Fanny Hill is a 1964 American – West German historical comedy film directed by Russ Meyer and starring Letícia Román, Miriam Hopkins and Ulli Lommel. Filmed at the Spandau Studios in Berlin, the film is an adaptation of the 1748 John Cleland novel of the same name.

Plot
Young, pretty and innocent Fanny Hill has lost her parents and must find her way in life amidst the perils of turbulent 18th-century London. She is lucky enough to quickly find a place as a waitress for the effusive Mrs. Brown. Mrs. Brown lives in a big house full of women in negligees and with very relaxed manners.

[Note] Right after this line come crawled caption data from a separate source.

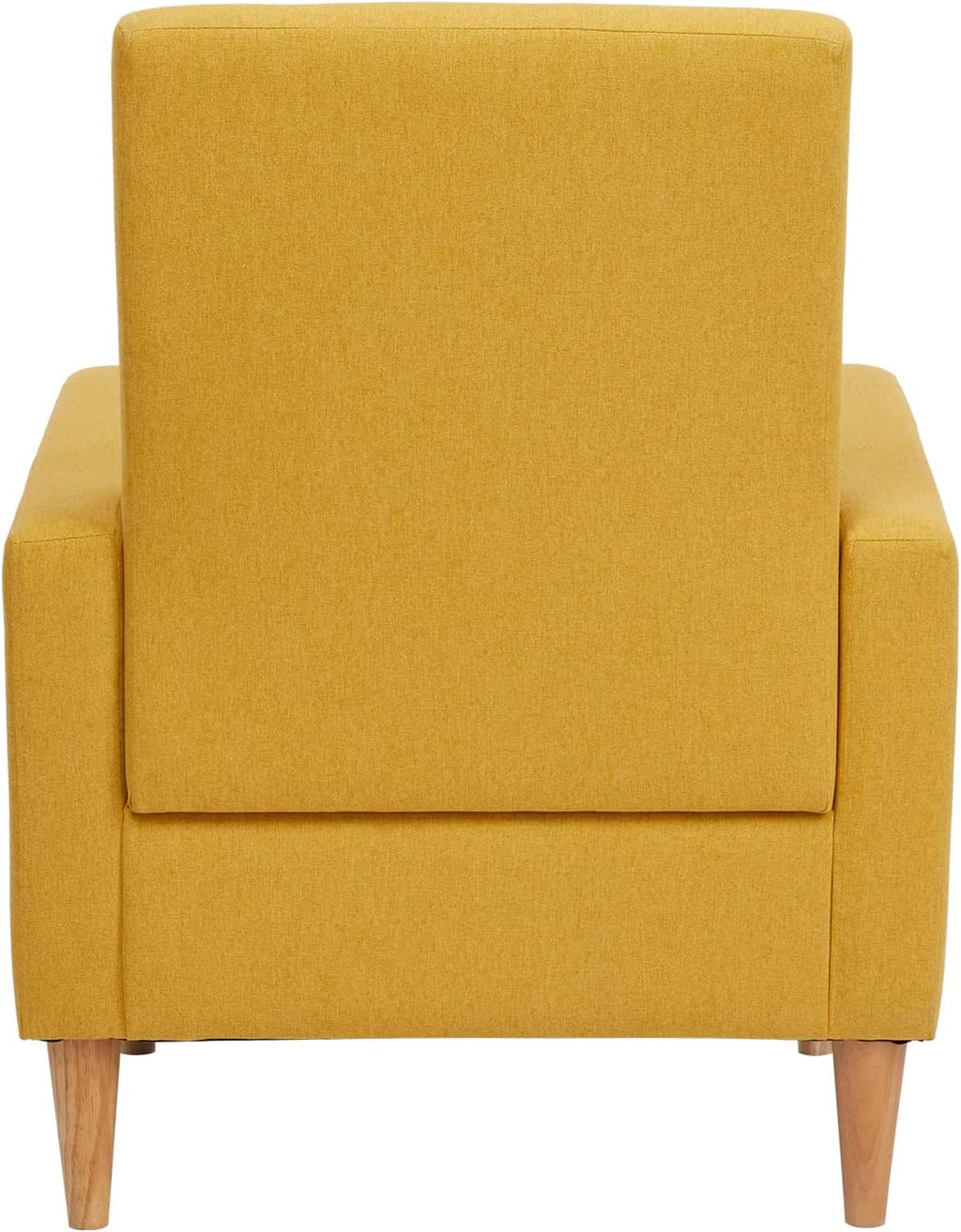 COLAMY Modern Upholstered Accent Chair Armchair with Pillow, Fabric Reading Living Room Side Chair,Single Sofa with Lounge Seat and Wood Legs, Yellow - Grand Goldman
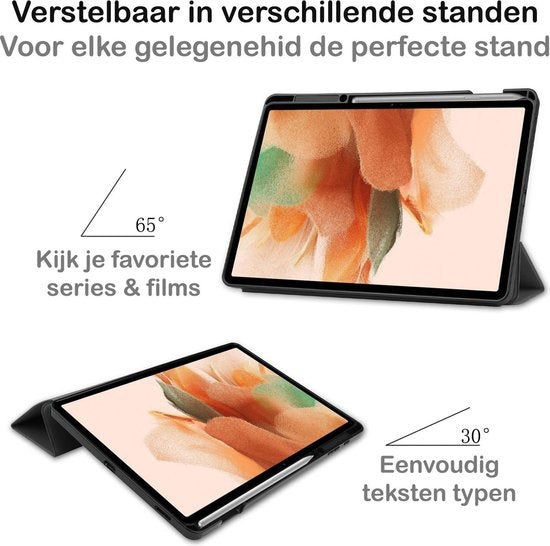 Samsung Galaxy Tab S7 FE Tablethoes Smcpen Met Screenprotector - Grijs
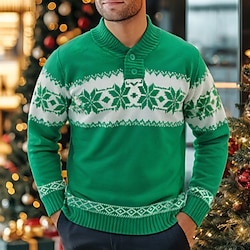 Light in the box Voor heren Trui Kerst Truien Kerst trui breien Jacquard Sneeuwvlok Henley Kraag Kerstmis Gebreid Kerstmis Huis Kleding Lente Herfst Groen Grijs MXL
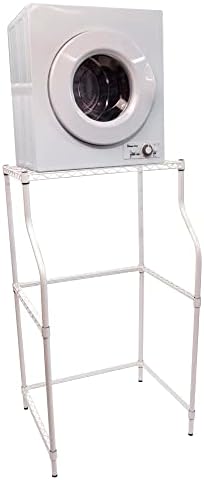 Magic Chef Compact Home Laundry Stand with Upper Dryer Shelf, White | Compact Laundry Stand, White Powder Coated Metal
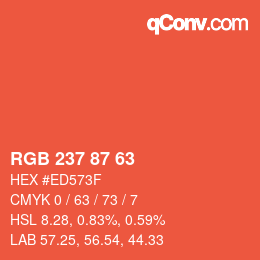 Color code: RGB 237 87 63 | qconv.com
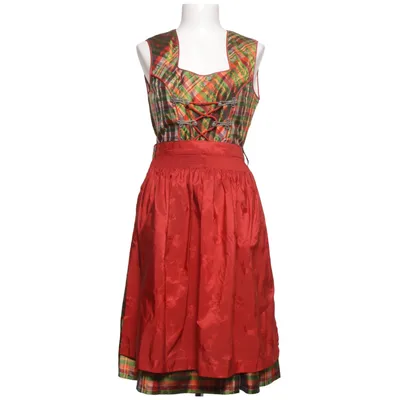 Dirndl (Röd, Flerfärgad) från Nockstein Trachten Polyester, Bomull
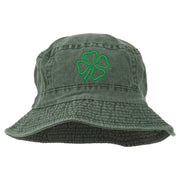 Saint Patrick's Four Leaf Clover Embroidered Bucket Hat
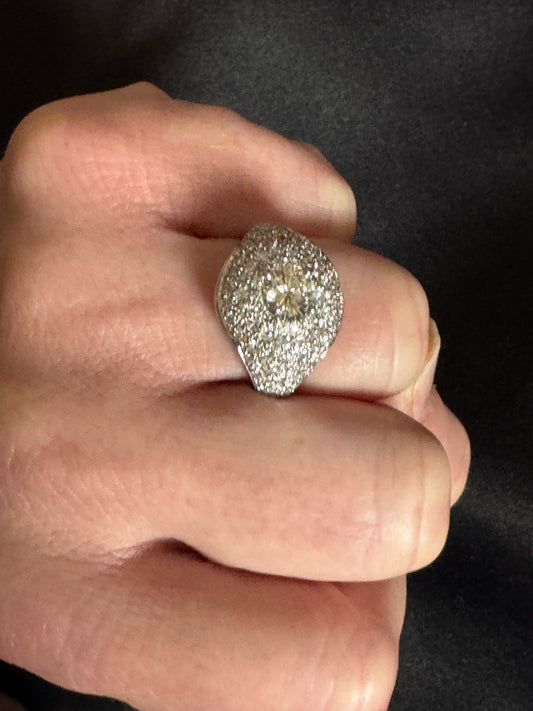 Vintage Platinum and Diamond Bombe Cluster Ring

She also insists that Fanny meet various gentlemen who show a fervent interest in Fanny.

Cast
 Letícia Román as Fanny Hill
 Miriam Hopkins as Mrs. Brown
 Ulli Lommel as Charles
 Chris Howland as Mr. Norbert
 Helmut Weiss as Mr. Dinklespieler
 Karin Evans as Martha  
 Alexander D'Arcy as Admiral  
 Christiane Schmidtmer as Fiona

Production
Russ Meyer was hired to make the film by Albert Zugsmith, the first time he had directed for a producer who was not himself. According to Roger Ebert, Meyer "found Zugsmith difficult to work with, the German backers of the film unreliable, and the shooting conditions all but impossible."

"The only thing that got me through at all," said Meyer, "was working with Miriam Hopkins, who was our star. The two of us pulled that picture through somehow. I told her once that it was remarkable how much she knew about making a picture, and she reminded me that, after all, she had once been married to Fritz Lang." (It was actually Anatole Litvak.)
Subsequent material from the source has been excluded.